Full economic costing

of research is an accounting methodology or model that takes full account of both all (reasonable and necessary) direct and indirect costs associated with research


A budget

is a detailed breakdown of all anticipated costs which should mirror the activities and timelines of the research


Estimating full cost budgets for research enable

partners to develop and maintain their research environments, sustain high-quality research and access adequate funding. This goes a long way toward promoting good research costing practices where all foreseeable and underlying costs of research are included. For example, current indirect costs do not sufficiently build capacity. Funders could periodically review the indirect cost rates to ensure research partners are able to accurately cost research in a sustainable manner. The inadequacy of accurate costing around the full extent of indirect costs in research budgets has a direct impact on the sustainability of the research activity and of the research environment. It is thus critical for institutions to build capacity to accurately determine and negotiate for indirect costs in the research contract.

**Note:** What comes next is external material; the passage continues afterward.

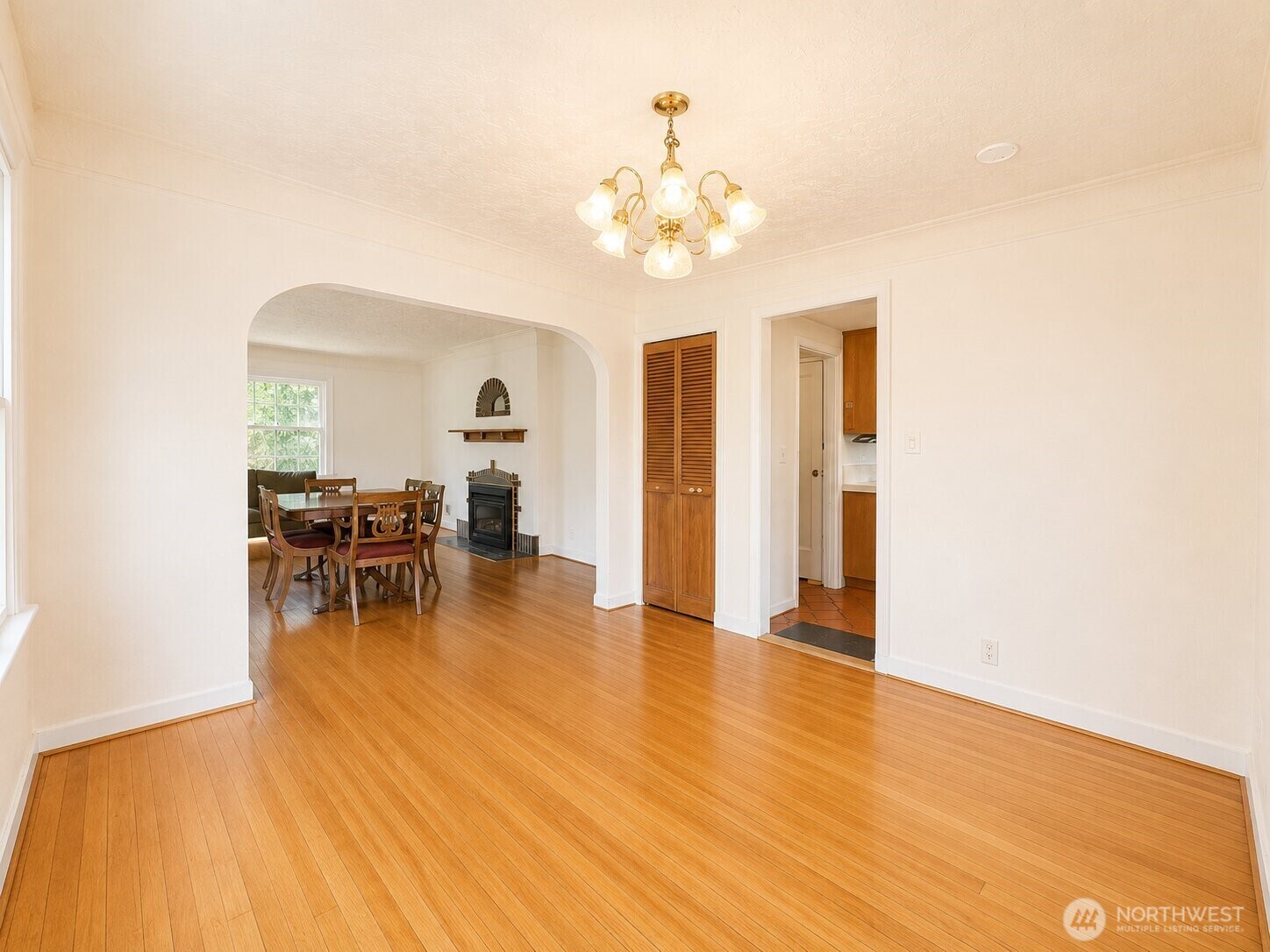 11711 82nd Avenue Property Photo 4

Establishing an effective costing culture

is important, thus all partners should work toward transparency and accountability in budget planning. In determining accurate costing of research, the following aspects should be factored to create an enabling environment:

• Develop good financial mechanisms to strengthen finance and administrative procedures is important

• Establish whether partner institutions are flexible on indirect costs and if there is room to negotiate

• Establish whether there is a pre-determined method or rate for calculating indirect costs

• Separate the direct running expenses of a particular project as different from those operational expenses that enable your institution to house and run such projects

• Research partners should also take into account the range of expenses that could fall under indirect costs such as human resources and finance services, office rental, facilities, maintenance, telephone and internet and so on

• Cost your research activities at a reasonable and current market value as it is most important not to under or overestimate how much it costs to run a research project


There are a few ways that indirect costs can be calculated in a research budget

Researchers should be able to accurately identify and allocate such expenses to a research costing (budget) – i.e. the real costs to their institution of carrying out the research project.

Ultimately, a costing culture needs to be fostered whereby full costs (the real cost of carrying out research activity) are recognized and accounted for when budgeting.

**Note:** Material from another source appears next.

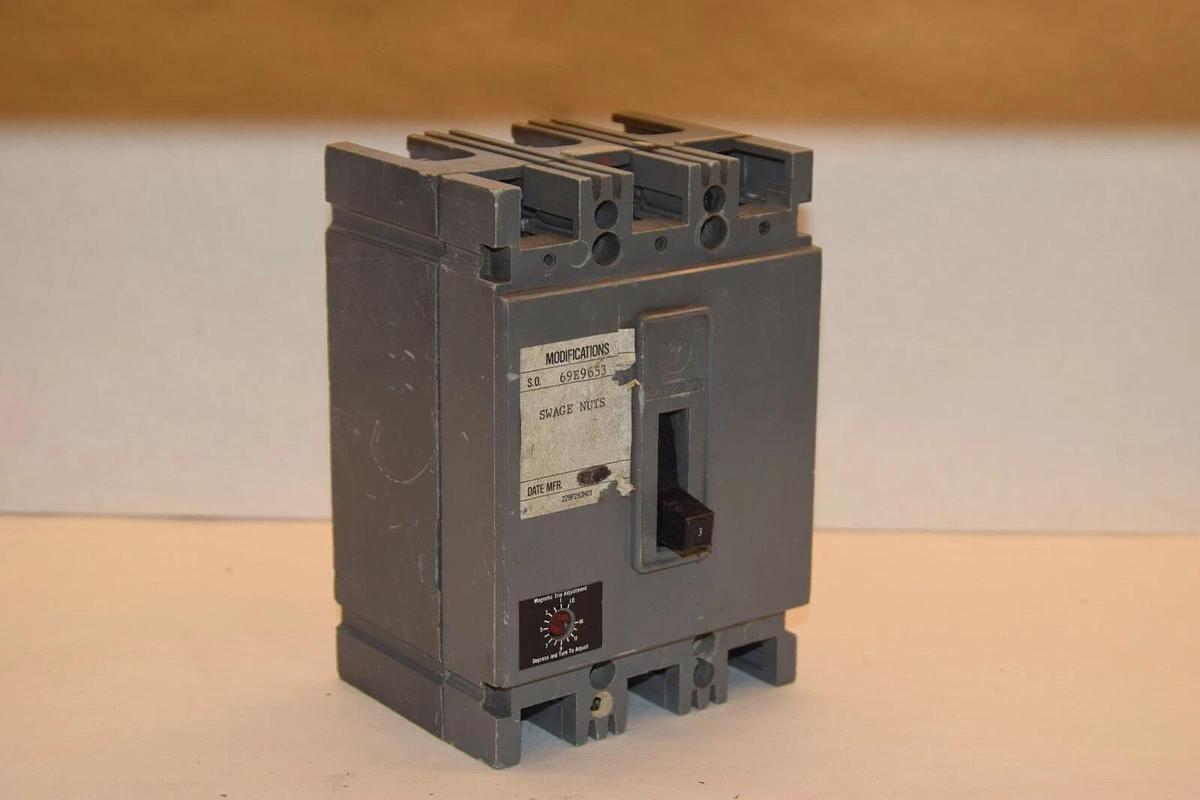 Used Westinghouse 204P042H01B 3A 3 Amp A 600VAC 69-E-9653 Circuit Breaker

For further ideas on methods for calculating indirect costs -
See ESSENCE: Five keys to improving research costing in low- and middle-income countries. Available at http://www.who.int/tdr/publications/TDR_ESSENCE_1.12_eng.pdf


In supporting and conducting collaborative research

partners should each determine their own full economic costs of their research contribution. This requires transparency and accountability to ensure sustainability of the entire research undertaking. It is good practice for each partner to have a clear policy around research costs so that there is consistency across research collaborations.

In addition, the different partnership requirements may mean that there be flexibility to negotiate around the budget and finance arrangements.

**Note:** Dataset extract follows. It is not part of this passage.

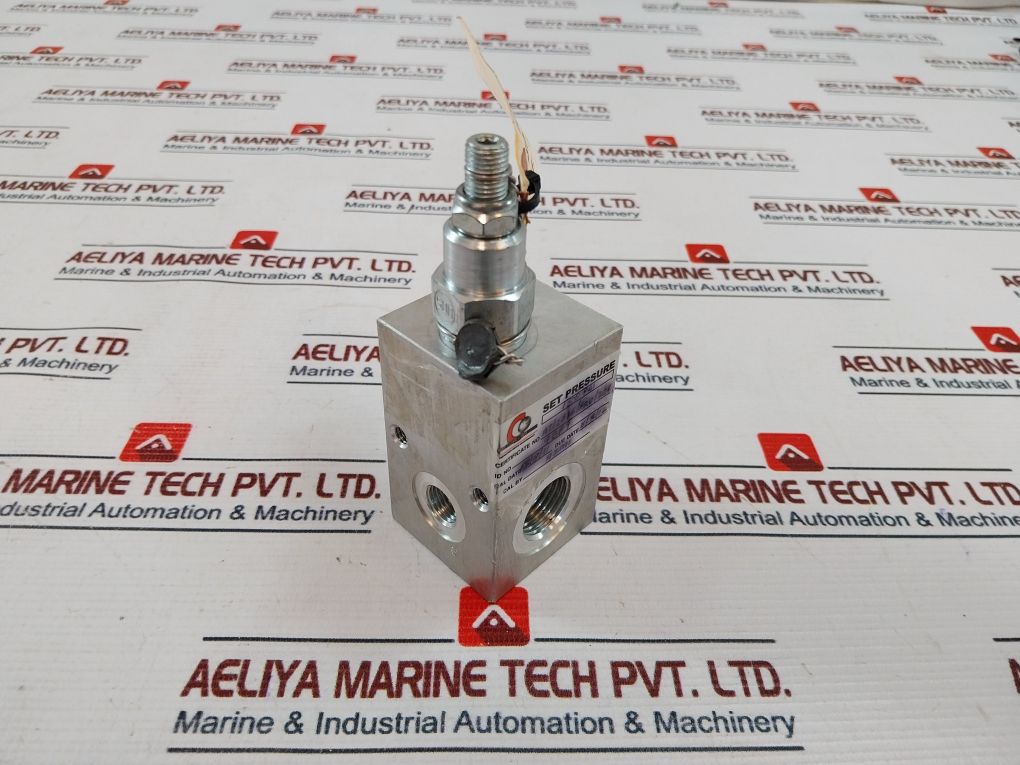 Sun Hydraulics 9bp9 Line Mount Manifold Cross Pilot Shuttle - Image 4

NIPMO: National Intellectual Property Management Office

South Africa is, so far, the only country in Africa that has used legislation to encourage research institutions to move towards full-costing.

The Intellectual Property Rights from Publicly Financed Research and Development Act (No. 51 of 2008) came into effect in August 2010. Its primary goal is to ensure that intellectual property generated through the use of public funds is used to benefit the people of South Africa. The Act applies only to projects and research contracts that are fully or partially state funded (in other words, the Act does not apply when funders cover the full cost of the research).

In terms of the Act, the National Intellectual Property Management Office (NIPMO) was established, and has called on all publicly funded higher education institutions to develop their own full-costing policies as a step towards developing a nationally accepted full-costing model.

(From ESSENCE (2012a): Five keys to improving research costing in low and middle-income countries).


Financially sustainable universities: Towards full costing in European universities

Financially sustainable universities II: European universities diversifying income streams.

Five keys to improving research costing

Research costing practices

Full economic costs:Position in UK universities.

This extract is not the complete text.